YOUR ASSIGNMENT
Omit all images, then repeat exactly the lines below from the one containing "P.S. I Love You rose photo" through the one containing "Darla and Bruno", both ends included.

INFORMATION SHOWN
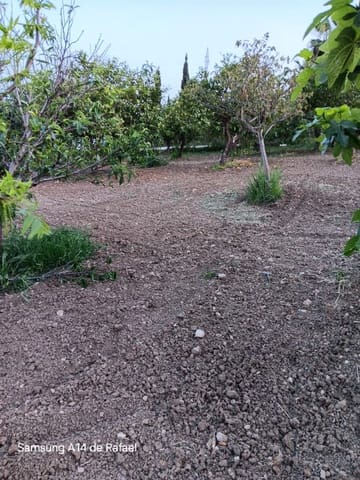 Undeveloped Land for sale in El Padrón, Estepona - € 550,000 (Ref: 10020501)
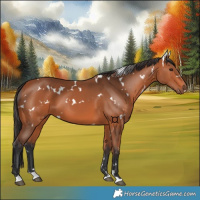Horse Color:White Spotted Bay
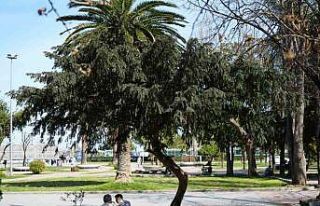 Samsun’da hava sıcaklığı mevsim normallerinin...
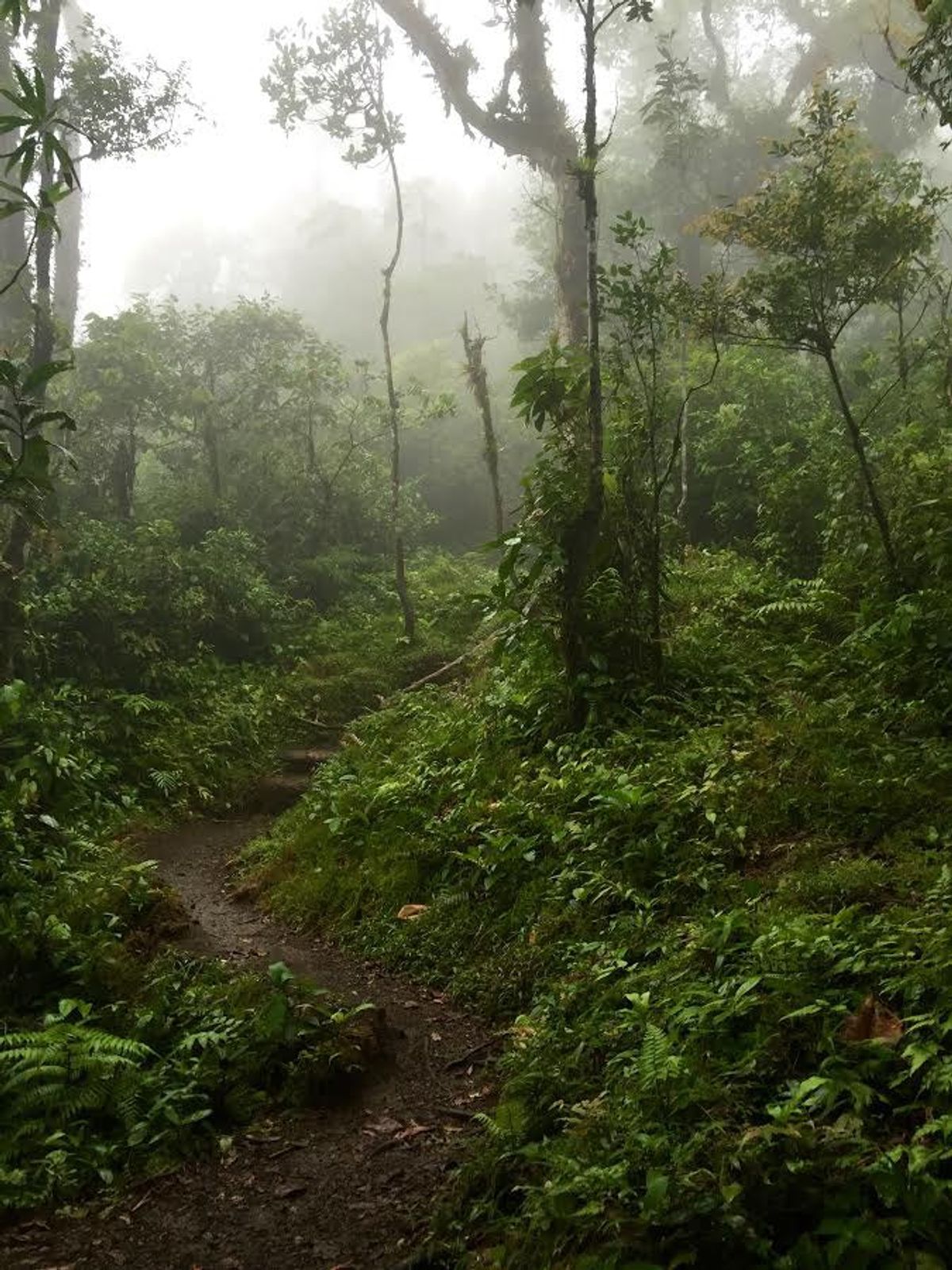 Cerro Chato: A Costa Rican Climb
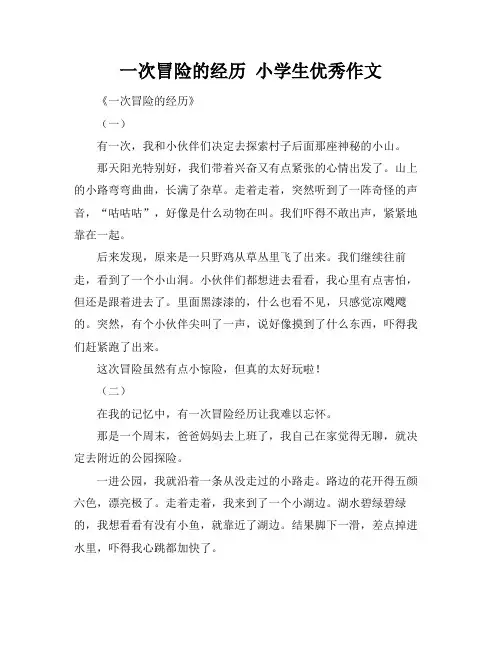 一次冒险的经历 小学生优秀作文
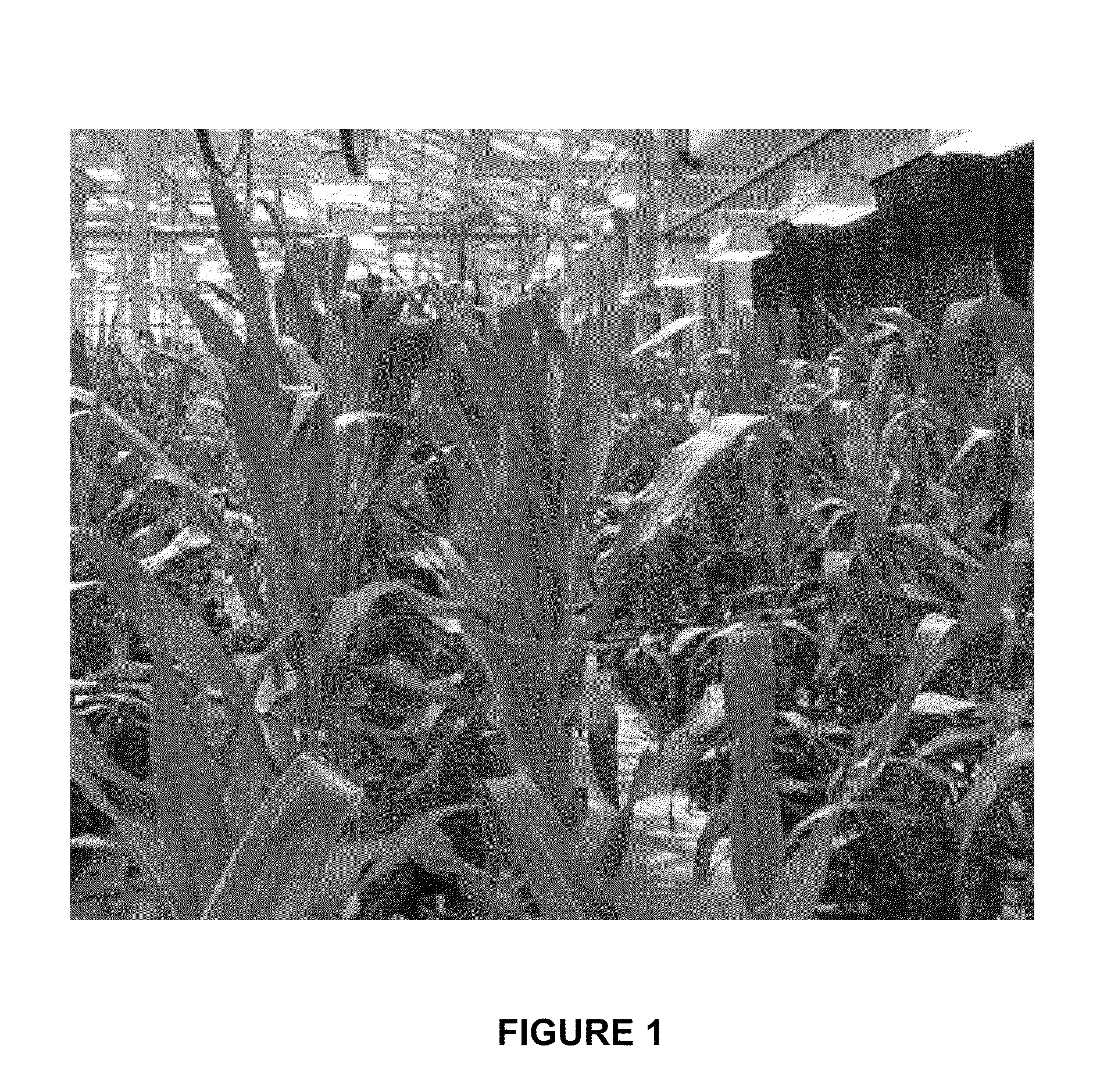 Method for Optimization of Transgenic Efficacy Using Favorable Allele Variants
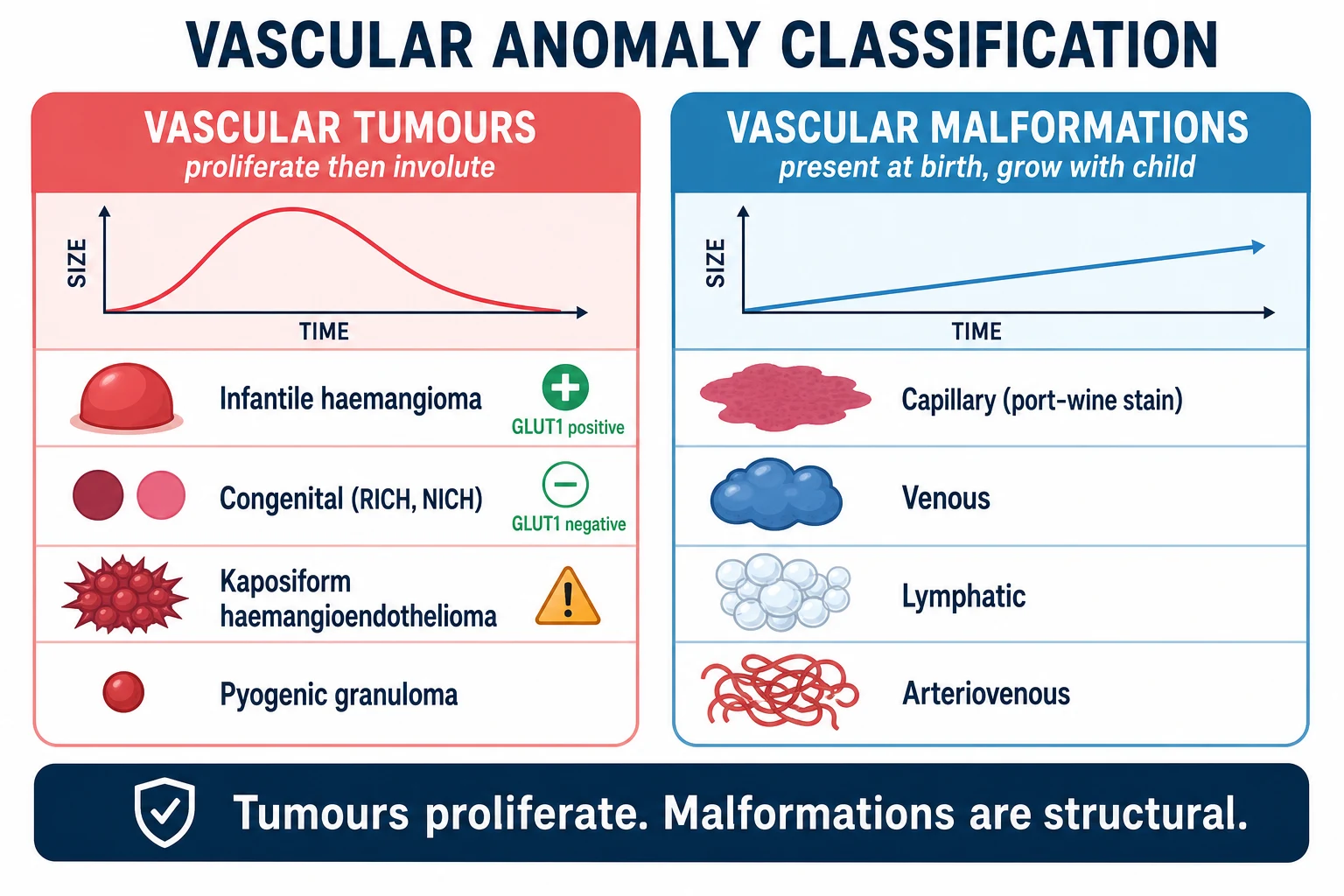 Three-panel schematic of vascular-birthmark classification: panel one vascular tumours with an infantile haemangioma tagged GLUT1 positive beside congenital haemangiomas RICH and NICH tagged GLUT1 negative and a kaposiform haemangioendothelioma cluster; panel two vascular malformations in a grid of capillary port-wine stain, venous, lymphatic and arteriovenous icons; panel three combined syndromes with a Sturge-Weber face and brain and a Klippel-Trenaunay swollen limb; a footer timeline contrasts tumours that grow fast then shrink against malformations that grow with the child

==

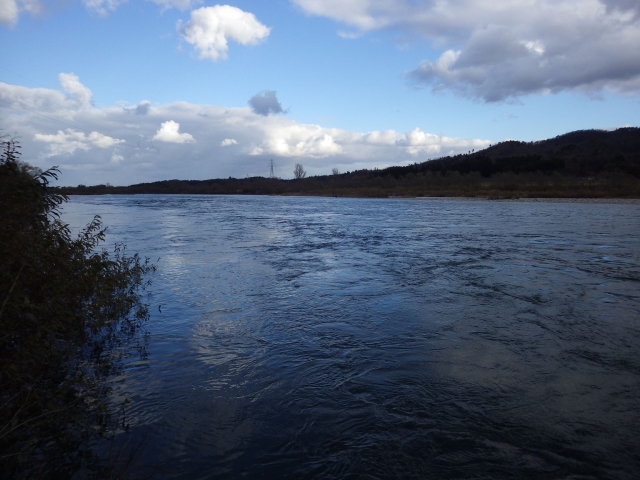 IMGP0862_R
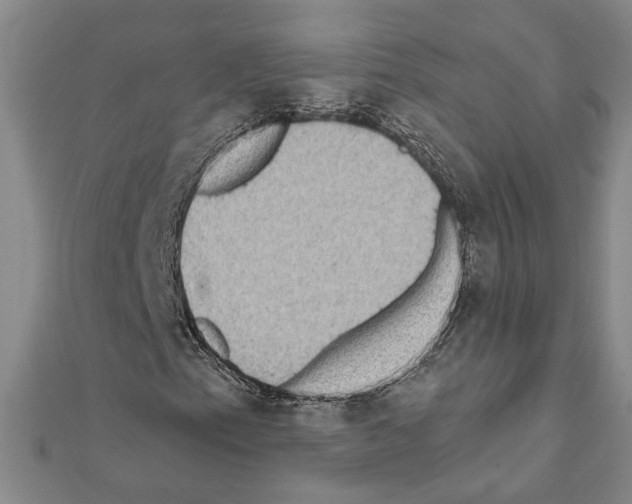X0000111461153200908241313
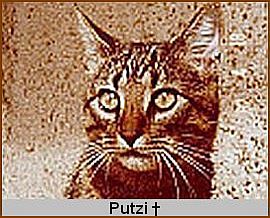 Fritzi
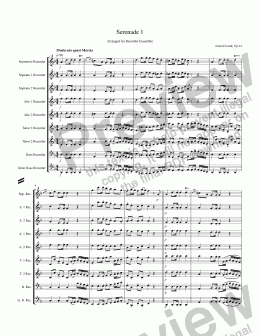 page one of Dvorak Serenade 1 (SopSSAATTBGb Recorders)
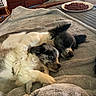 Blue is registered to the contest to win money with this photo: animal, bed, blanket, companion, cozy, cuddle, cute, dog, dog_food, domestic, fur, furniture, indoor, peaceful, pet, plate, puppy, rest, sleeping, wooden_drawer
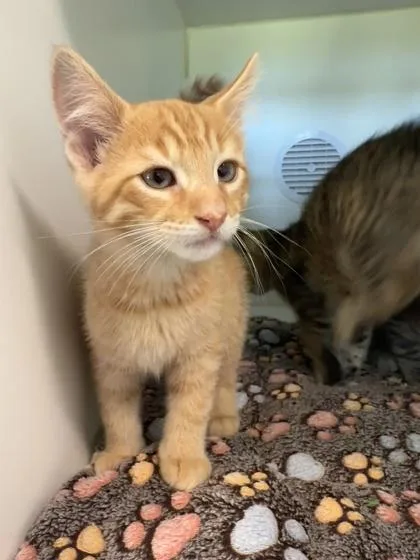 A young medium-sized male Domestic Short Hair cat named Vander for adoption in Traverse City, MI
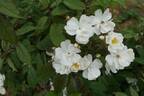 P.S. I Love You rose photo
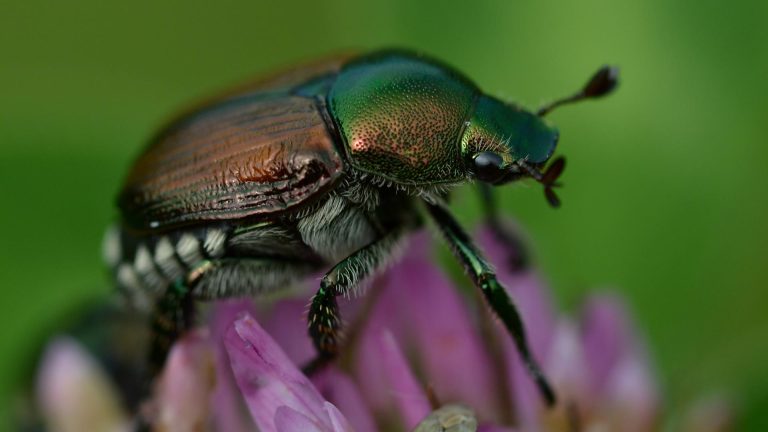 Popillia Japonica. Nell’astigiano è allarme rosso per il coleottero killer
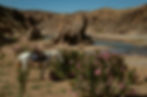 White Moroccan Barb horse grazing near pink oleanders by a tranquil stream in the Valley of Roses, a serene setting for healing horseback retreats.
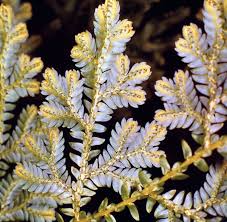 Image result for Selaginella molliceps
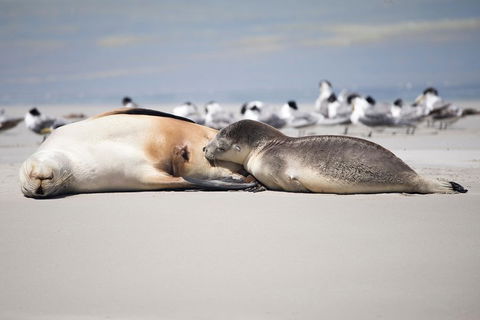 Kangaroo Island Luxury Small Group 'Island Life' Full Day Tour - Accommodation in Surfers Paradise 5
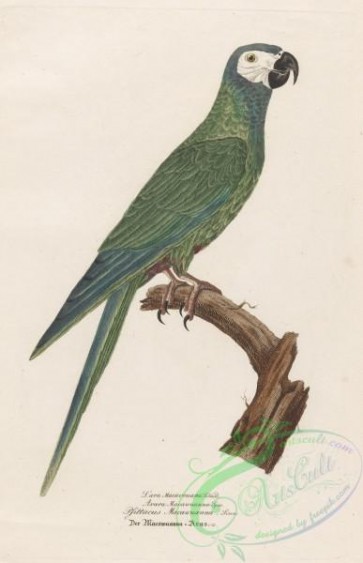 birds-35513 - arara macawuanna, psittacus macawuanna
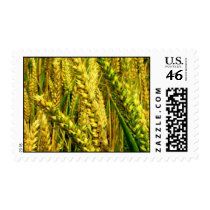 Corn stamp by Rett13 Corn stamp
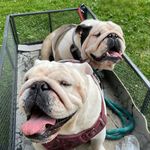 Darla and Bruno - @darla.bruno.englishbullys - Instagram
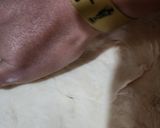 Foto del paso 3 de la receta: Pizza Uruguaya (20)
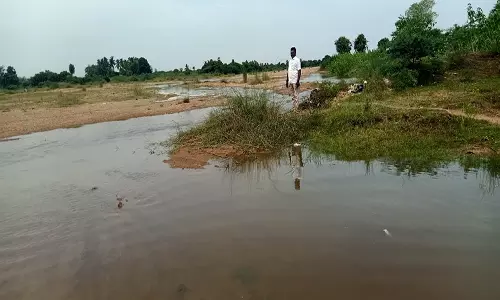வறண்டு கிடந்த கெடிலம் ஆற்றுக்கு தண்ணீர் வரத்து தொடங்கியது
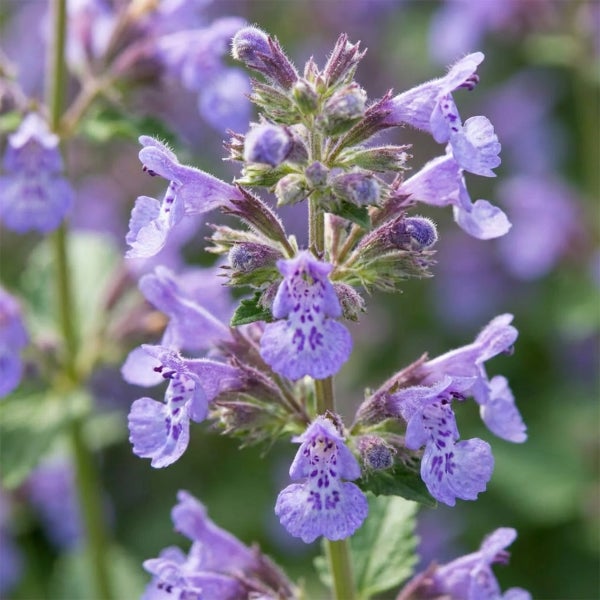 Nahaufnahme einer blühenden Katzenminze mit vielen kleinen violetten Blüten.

SOLUTION
 P.S. I Love You rose photo
 Popillia Japonica. Nell’astigiano è allarme rosso per il coleottero killer
 White Moroccan Barb horse grazing near pink oleanders by a tranquil stream in the Valley of Roses, a serene setting for healing horseback retreats.
 Image result for Selaginella molliceps
 Kangaroo Island Luxury Small Group 'Island Life' Full Day Tour - Accommodation in Surfers Paradise 5
 birds-35513 - arara macawuanna, psittacus macawuanna
 Corn stamp by Rett13 Corn stamp
 Darla and Bruno - @darla.bruno.englishbullys - Instagram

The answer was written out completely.